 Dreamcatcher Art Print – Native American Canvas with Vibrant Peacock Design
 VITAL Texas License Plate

────────────────

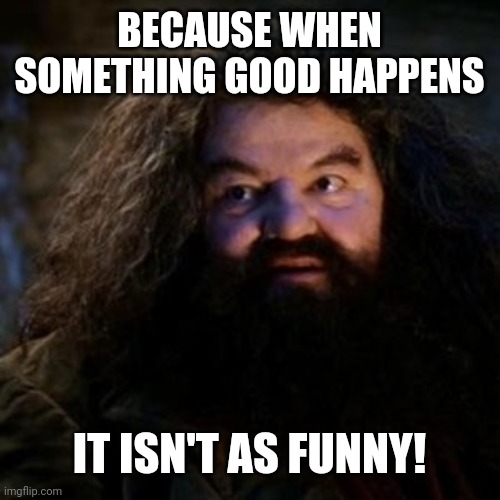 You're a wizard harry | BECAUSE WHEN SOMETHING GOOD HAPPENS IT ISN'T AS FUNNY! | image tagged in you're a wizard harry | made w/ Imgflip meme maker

────────────────

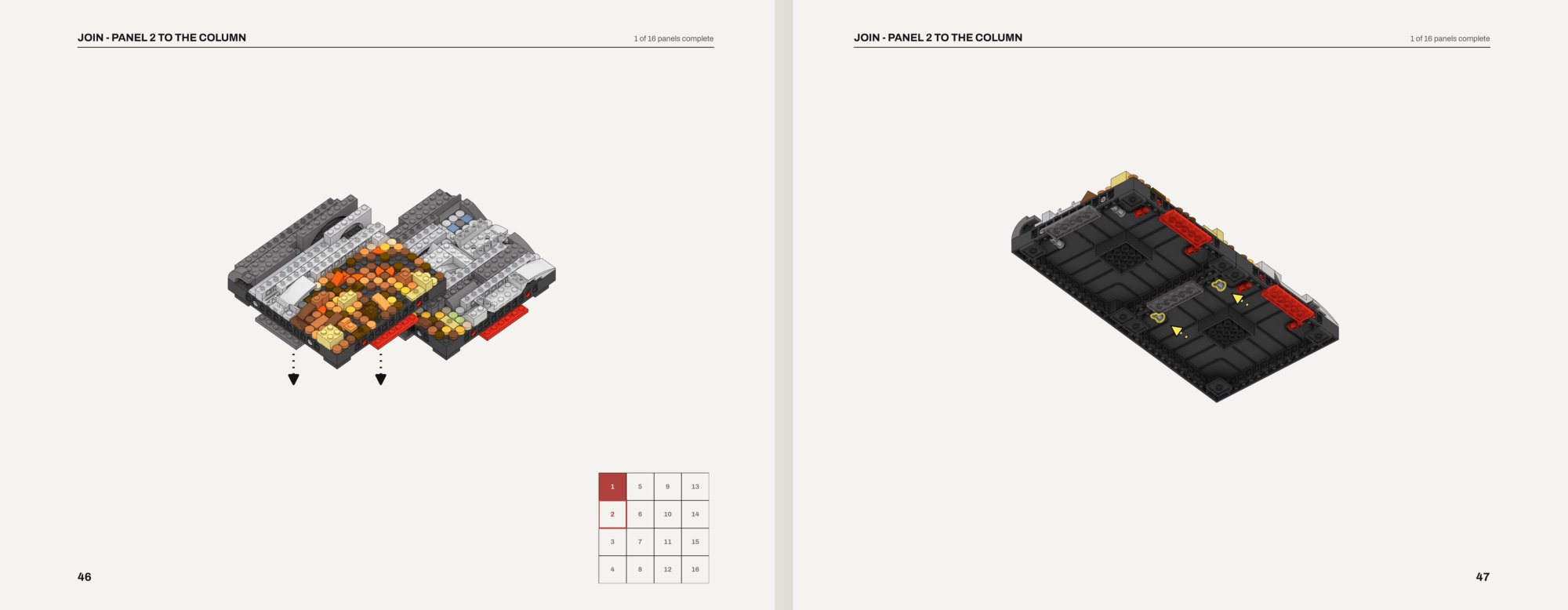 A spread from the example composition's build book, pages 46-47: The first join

────────────────

TASK —
Copy out the lines above exactly, beginning at the one that contains "Dreamcatcher Art Print" and ending at the one that contains "VITAL Texas License Plate".

WRITTEN SOLUTION —
 Dreamcatcher Art Print – Native American Canvas with Vibrant Peacock Design
 VITAL Texas License Plate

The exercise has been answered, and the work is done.